Wednesday, January 20, 2010

F500 Starting Questions and Autobiography

Ways I have used technology in and educational setting:
A. Within my mass media class, I get to use a great deal of "toys" with my students. I teach iLife and all of its basic uses, we spend most our time using iMovie to create an in house television show for Friday viewing by student body, so video work. We dabble in LiveFonts, LiveType, Motion, and PhotoSuite. My second year students use FinalCut . This class is my "dream team" (usually) Last year i had 5 students receive firsts from the state media fair (sadly not being done this year).
B. Within my regular classes, I use the basics. We use Power Point (with a smart board), this is the most popular application for my speech classes and gives them a great deal of confidence when speaking. Computer Labs are used for research, PLATO (credit recovery and remediation) and such.
C. I am the yearbook advisor at my school. These students use digital cameras, and sometimes InDesign, although more and more it is being replaced by publisher specific online software. These students most frequently use iPhoto for handling photographs, but PhotoShop is used some as well.
D. I also have a grant through CELL and work with a group of teachers who wish to increase their knowledge of technology . I teach bi-weekly workshops on applications and tools and we use each other to discuss applications that are workable for our students.
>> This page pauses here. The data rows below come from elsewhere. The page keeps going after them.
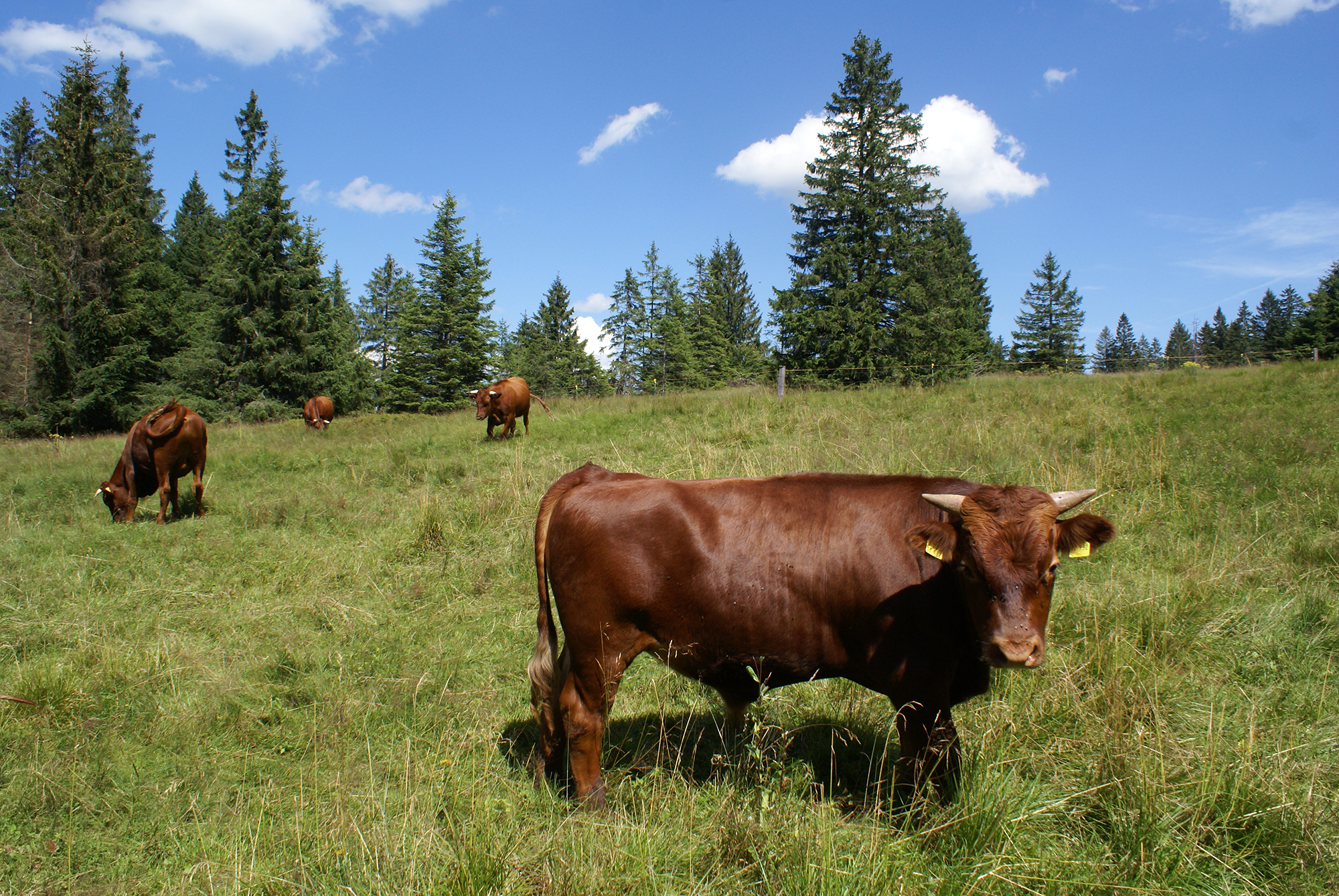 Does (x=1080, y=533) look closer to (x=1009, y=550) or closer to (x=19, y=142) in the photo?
(x=1009, y=550)

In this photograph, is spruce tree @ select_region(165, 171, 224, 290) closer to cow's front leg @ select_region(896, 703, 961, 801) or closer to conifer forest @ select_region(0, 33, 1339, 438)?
conifer forest @ select_region(0, 33, 1339, 438)

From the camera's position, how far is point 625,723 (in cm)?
466

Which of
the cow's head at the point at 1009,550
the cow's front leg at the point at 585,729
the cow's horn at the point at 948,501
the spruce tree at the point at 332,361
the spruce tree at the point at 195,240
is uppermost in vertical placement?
the spruce tree at the point at 195,240

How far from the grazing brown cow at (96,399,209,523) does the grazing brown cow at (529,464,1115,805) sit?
9.86 meters

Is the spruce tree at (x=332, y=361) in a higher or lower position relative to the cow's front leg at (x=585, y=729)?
higher

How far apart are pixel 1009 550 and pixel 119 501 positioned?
1269 cm

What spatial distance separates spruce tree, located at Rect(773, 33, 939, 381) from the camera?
2912cm

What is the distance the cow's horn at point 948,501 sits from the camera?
3301mm

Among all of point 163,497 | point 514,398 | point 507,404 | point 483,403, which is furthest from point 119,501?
point 483,403

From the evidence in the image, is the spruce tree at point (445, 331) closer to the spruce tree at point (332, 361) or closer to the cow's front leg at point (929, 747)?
the spruce tree at point (332, 361)

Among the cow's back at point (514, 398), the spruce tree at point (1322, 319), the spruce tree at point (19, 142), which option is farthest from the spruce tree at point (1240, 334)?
the spruce tree at point (19, 142)

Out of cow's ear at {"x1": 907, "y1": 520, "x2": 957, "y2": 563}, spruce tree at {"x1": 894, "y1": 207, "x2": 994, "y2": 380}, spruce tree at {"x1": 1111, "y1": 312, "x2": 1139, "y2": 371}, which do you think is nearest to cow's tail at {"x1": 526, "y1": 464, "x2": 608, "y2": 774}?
cow's ear at {"x1": 907, "y1": 520, "x2": 957, "y2": 563}

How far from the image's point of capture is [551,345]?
5838 cm

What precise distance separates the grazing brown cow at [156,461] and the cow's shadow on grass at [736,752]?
9.22 metres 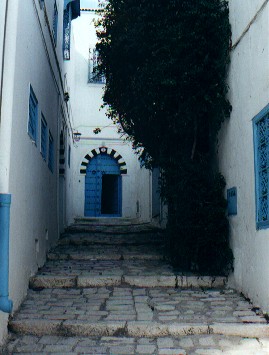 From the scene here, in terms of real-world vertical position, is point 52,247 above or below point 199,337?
above

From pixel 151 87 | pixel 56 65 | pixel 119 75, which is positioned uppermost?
pixel 56 65

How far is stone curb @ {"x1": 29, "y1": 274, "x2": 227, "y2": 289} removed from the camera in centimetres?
582

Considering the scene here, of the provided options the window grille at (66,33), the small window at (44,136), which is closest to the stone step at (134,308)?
the small window at (44,136)

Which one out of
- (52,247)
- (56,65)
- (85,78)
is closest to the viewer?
(52,247)

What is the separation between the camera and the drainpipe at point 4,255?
11.7 feet

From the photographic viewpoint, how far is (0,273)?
11.7ft

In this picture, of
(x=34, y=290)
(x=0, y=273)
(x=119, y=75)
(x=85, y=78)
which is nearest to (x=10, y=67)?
(x=0, y=273)

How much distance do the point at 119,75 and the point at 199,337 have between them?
15.5 ft

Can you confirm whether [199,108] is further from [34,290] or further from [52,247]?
[52,247]

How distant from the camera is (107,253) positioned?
24.9ft

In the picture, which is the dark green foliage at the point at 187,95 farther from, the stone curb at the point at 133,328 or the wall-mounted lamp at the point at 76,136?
the wall-mounted lamp at the point at 76,136

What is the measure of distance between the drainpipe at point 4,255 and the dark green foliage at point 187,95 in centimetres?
282

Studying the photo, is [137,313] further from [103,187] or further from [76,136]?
[103,187]

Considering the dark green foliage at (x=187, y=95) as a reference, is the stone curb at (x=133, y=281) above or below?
below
Ways I use technology outside of school?
How don't I???....FaceBook addict, GPS user, Cell Phone addict, Online Banking, etc...
A.. VIDEO GAMES!!! This is largely how I get to spend time with my kids, whether it is a riveting game of B eatles Rock Band, or Bum Boarding on the WiiFit Board, it is time we are doing something together, which is tricky with kids the ages of mine. Personally, I am addicted to time management games on my PC as well.
B. Photography. I take a great deal of pictures, and although I still teach the importance of printing them to place in albums that cannot be lost in a computer crash, and grabbable in case of a fire, I use my computer to sort and edit them and to make backups to share with family. I use Photoshop on occasion, but nothing to the extent that my 16 year old does.
C. I would have to say my cell phone is my other technology vice. The freedom and security that is offered to me as the mother of a driving, dating teen that my parents did not have is amazing. I get after school texts, updates on days...I get.. "I am alive mom, still at play practice," texts that make it possible for me to breathe and know my kids are alive and can get me if they need to so I am not tied to my house. I get to talk to my friends all over without concerns of bills and get picture updates from family that can be done in an instant when mailing a picture never seemed to happen.

A time when technology enhanced an educational situation:
I have had my regular sophomores (not honor students, regular kids from IPS) do iMovies that define an emotion using pictures, such as rage, or love. We used iMovie to create them. The point was I wanted them to see words as visual as we worked on figurative language. I had 100 percent participation and their movies made me cry. They took such ownership and put so much personal information out there for each other to see and discuss that it took 3 days per class to do what I had set aside a period to cover. The class bonded and it carried us through a great deal of the semester together.
A time when technology was not helpful or done for the sake of technology use...
PLATO- This is a state mandated online program used to remediate kids who cannot pass the GQE. This program was a good idea in inception, but has gone very wrong. Students sit in front of a PC and take tests, when finished they get re-taught the areas the struggled with and then test again. This is infuriating to me as these students hate tests, they must after failing them and being humiliated by them, why would going over the same procedure over and over help? The system says it is working and school systems require remediation teachers (like me) to sit our kids in front of the PC for an hour a day. These kids are not being taught how to learn, or read, or evaluate, they are being taught how to take a test. But the belief is because it is "technological enhanced evaluation tool" that is more precise than a teacher...it is used and is only becoming more commonplace.
Another example, simplistically, is teachers who assign power points for kids to read from, not the point, and not helping students use the tool effectively.